What this task involves
An exact transcription of all the data is required; the pictures are to be left out.

Collected data
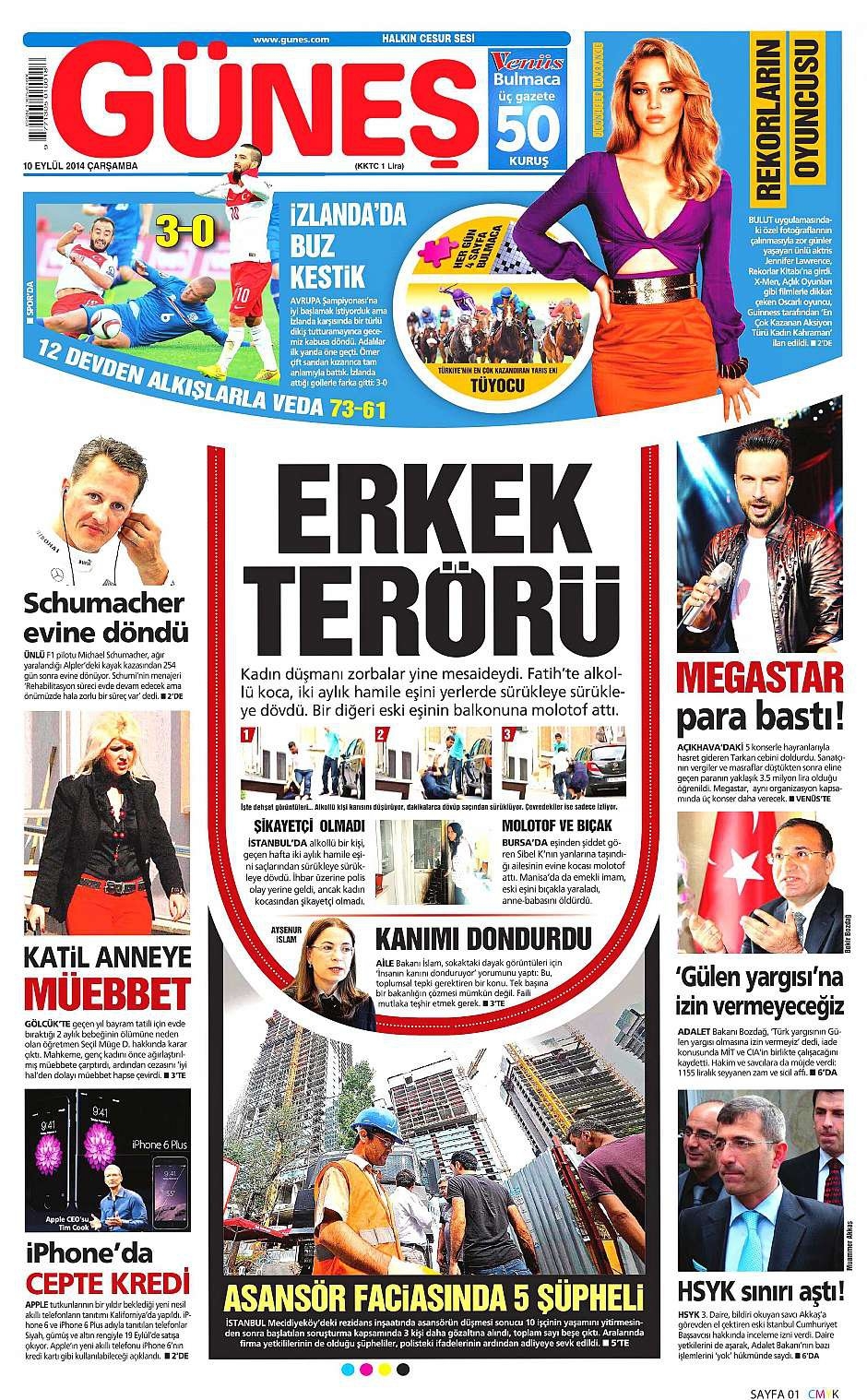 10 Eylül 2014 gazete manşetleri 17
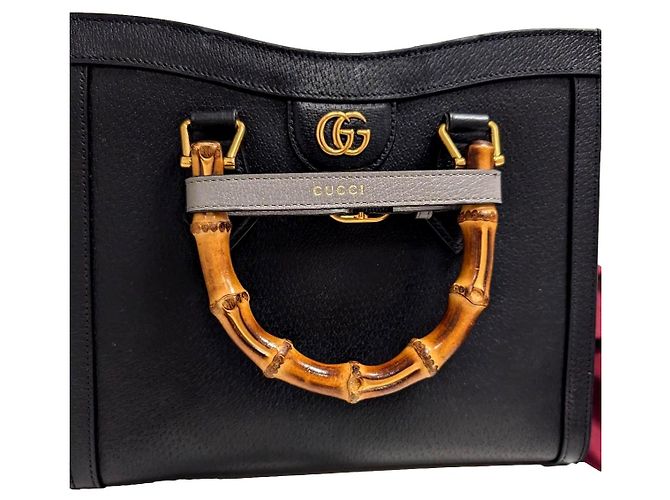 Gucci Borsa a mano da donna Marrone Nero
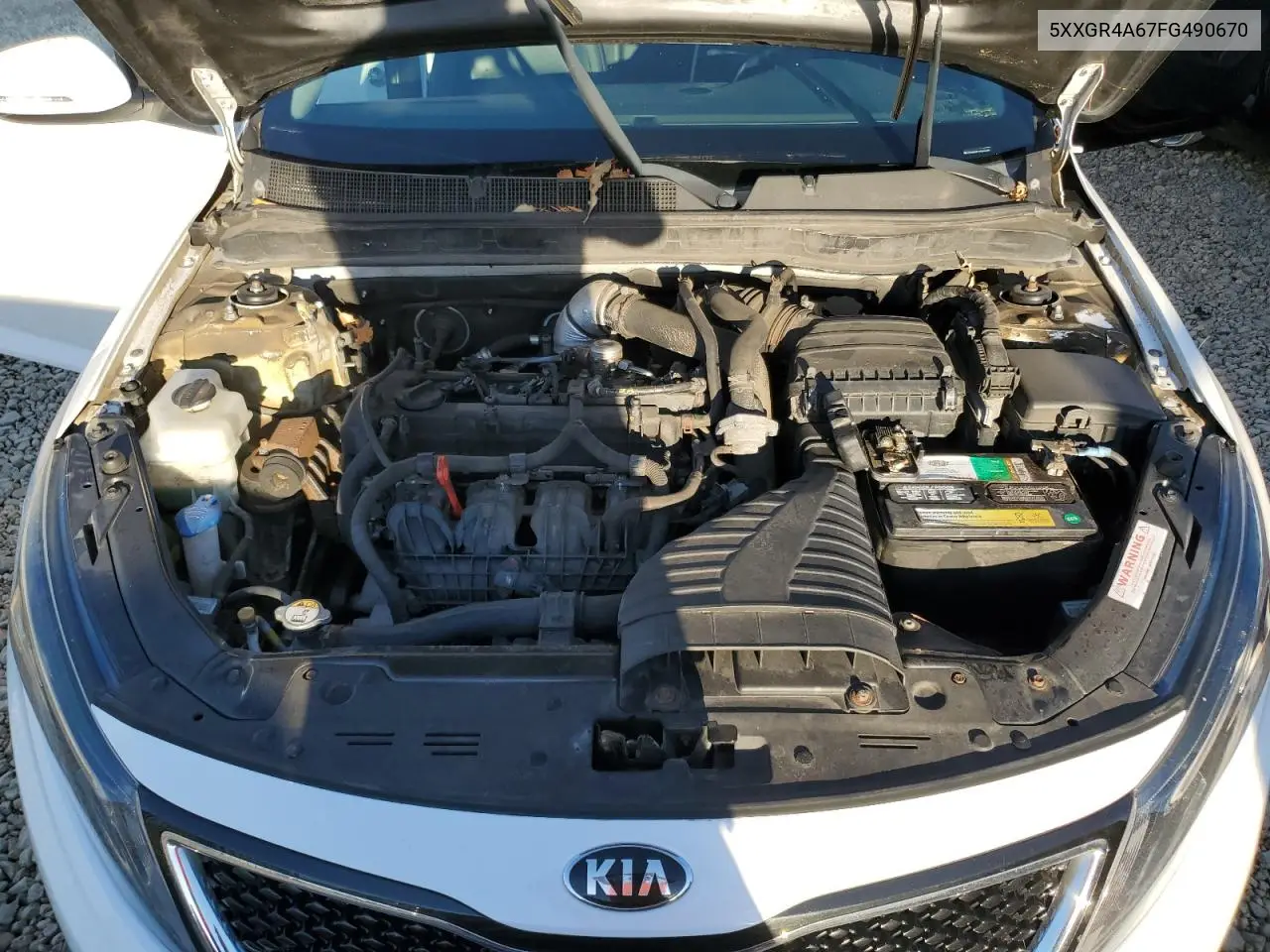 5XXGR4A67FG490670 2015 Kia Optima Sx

Task output
 10 Eylül 2014 gazete manşetleri 17
 Gucci Borsa a mano da donna Marrone Nero
 5XXGR4A67FG490670 2015 Kia Optima Sx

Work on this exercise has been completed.